Speech from the House
Mr. Speaker, it is a privilege for me to rise in support of my colleague’s motion to endorse the report “Rethinking DisAbility in the Private Sector” by the panel on labour market opportunities for persons with disabilities.
The motion could not come at a better time. Like all industrialized nations, Canada is facing a demographic challenge to our labour force. There is an existing skills gap and the retirement of the baby boomers has yet to start in earnest. The skills shortage has been characterized as the most serious economic issue of our time by both the Prime Minister and the Canadian Chamber of Commerce. To illustrate this problem, let me give a few examples.
There are about 800,000 working-age Canadians with disabilities who are currently not working, even though their disability should not prevent them from being employable. Of these, almost half of them have post-secondary education, yet the participation rate for working-age people with disabilities in the labour market is just under 60%, compared to working-age Canadians at 80%. This means that even with the large number of job vacancies the unemployment rate among disabled remains very high.

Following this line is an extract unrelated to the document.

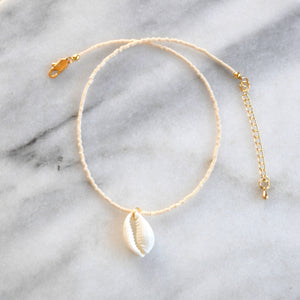 Libby & Smee Seashell Choker Necklace in cream with a cowrie seashell, still life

We have all heard stories about businesses that are struggling because they cannot find workers with the right skill sets. Many of us know qualified people with disabilities who cannot find work.

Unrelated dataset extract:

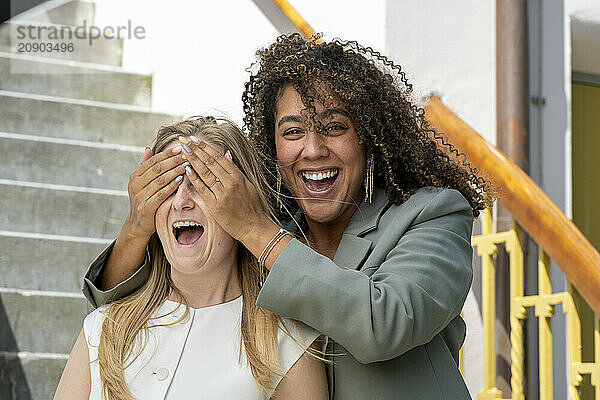 Woman covers friend's eyes with her hands as they both laugh on outdoor steps.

When members of the panel on labour market opportunities for persons with disabilities consulted across the country to prepare the report, they interviewed employers from businesses of all sizes and from a broad range of industry sectors. What they found was that most Canadians showed a genuine desire to hire people with disabilities. They get it because they have seen the positive results that hiring people with disabilities brings, both in terms of company culture and increasing their bottom line. When a person with a disability gets a job they get more than a paycheque. They get a boost to their dignity and independence.
The employer gets something too. People with disabilities are value-added employees. Take the Tim Hortons franchise in Toronto. In an industry where the turnover rate for regular employees is 75%, the turnover rate in this franchise is only 35%.
The panel’s report has a story of a private technology company in which people with disabilities account for more than 50% of the workforce. These employees are helping the company to thrive. People with disabilities can give businesses a distinct advantage over their competitors.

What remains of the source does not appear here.